# sweet hand raised wild pigeon needs home, very tame. MI



## eakmarty (Sep 4, 2011)

I raised an orphaned wild pigeon and unfortunately he has become too socialized to humans and is not releasable (I won't make that mistake again). He is very sweet and follows me everywhere when I take him outside.

I have dogs and cats and kids and a full time job so my situation is not ideal to keep him. He needs a lot of company which is difficult to give him. He might do well with another pigeon. I was raising a baby Robin at the same time he was a baby and he enjoyed her company They sat togother often untill she flew away. Is anyone interested in adopting a very loving and sweet pigeon. His name is Marty.


----------



## bettyruger5 (Sep 26, 2011)

Hi, I'm Betty and I live in Hartland Mi. I recently converted a chicken coop to a loft and now have a pair of Rollers, and a pair of Homers. It's a cute loft with an aviary off the front. If this sounds like a fit for your pidgie, let me know. I'm sure Jack, Vera, Rita and Tommy would like a new friend. I'd even look for a spouse for him. Have a nice day : )


----------



## horseart4u (Jun 16, 2011)

bettyruger5, if you get him you can't just put him in there, he has not been around other pigeons, you will have to do it carefully by putting him in a cage and sitting the cage in there for a an hour, then 2 hours and so on for a week or two till he gets used to the other birds as being what he is. And so they get used to seeing a new bird in the loft.


----------



## horseart4u (Jun 16, 2011)

you may want to post pic's of your loft to, to show this person that MARTY is going to a good home...


----------



## bettyruger5 (Sep 26, 2011)

Horseart4u, I'm brand new to this forum, It's an ugly rainy day today, but I'll definately be posting pics of my loft and pidgies as soon as I get a sunny day. Integrating a new bird into the loft sounds similar to integrating chickens to a new coop. I would never just toss him in there : )


----------



## Print Tippler (May 18, 2011)

Horseart, you don't have to do all that. Atleast from my first hand experience.


----------



## horseart4u (Jun 16, 2011)

Print Tippler said:


> Horseart, you don't have to do all that. Atleast from my first hand experience.
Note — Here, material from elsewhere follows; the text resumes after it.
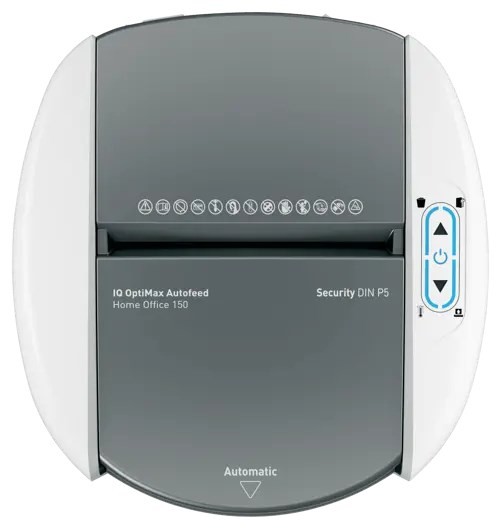 Niszczarka Leitz IQ Optimax AutoFeed 150, P5, 150 kartek, 15 l kosz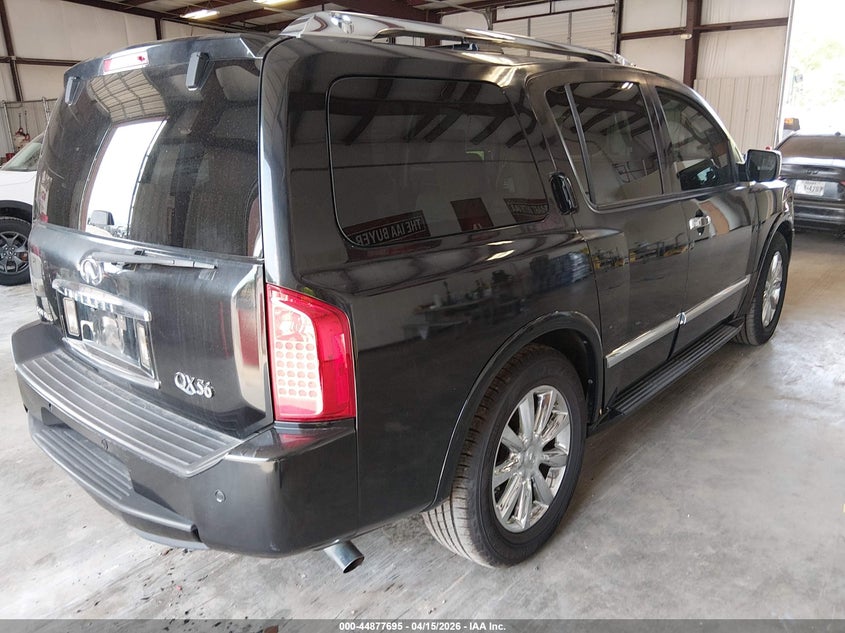 2010 Infiniti Qx56 VIN 5N3ZA0NF5AN907898 IAAI salvage auction — LEFT & RIGHT, Salvage (Louisiana), sold $25 on 2026-07-29 (photo 4)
well that is what i have read on here ALOT, when people take hand raised birds and try to toss them in a coop with other birds, they FREAK OUT because they don't know they are a pigeon, they think they are a person.. i was just trying to help and i am glad to hear she isn't going to toss him in right away.


----------



## Print Tippler (May 18, 2011)

Pretty silly. From my hand raised and my extremely tame pouter did just fine. People need to watch what they here on this forum. Like saying " you can't rehome a homer" when they will mean " you shoulnt try to rehome a homer" or " you can't just toss him in there" 

Put the bird in the loft put it's beak in the water and leave it. It will probably find a spot for itself in the loft and that will be it.


----------



## EgypSwiftLady (Jan 14, 2008)

Print Tippler said:


> Pretty silly. From my hand raised and my extremely tame pouter did just fine. People need to watch what they here on this forum. Like saying " you can't rehome a homer" when they will mean " you shoulnt try to rehome a homer" or " you can't just toss him in there"
> 
> Put the bird in the loft put it's beak in the water and leave it. It will probably find a spot for itself in the loft and that will be it.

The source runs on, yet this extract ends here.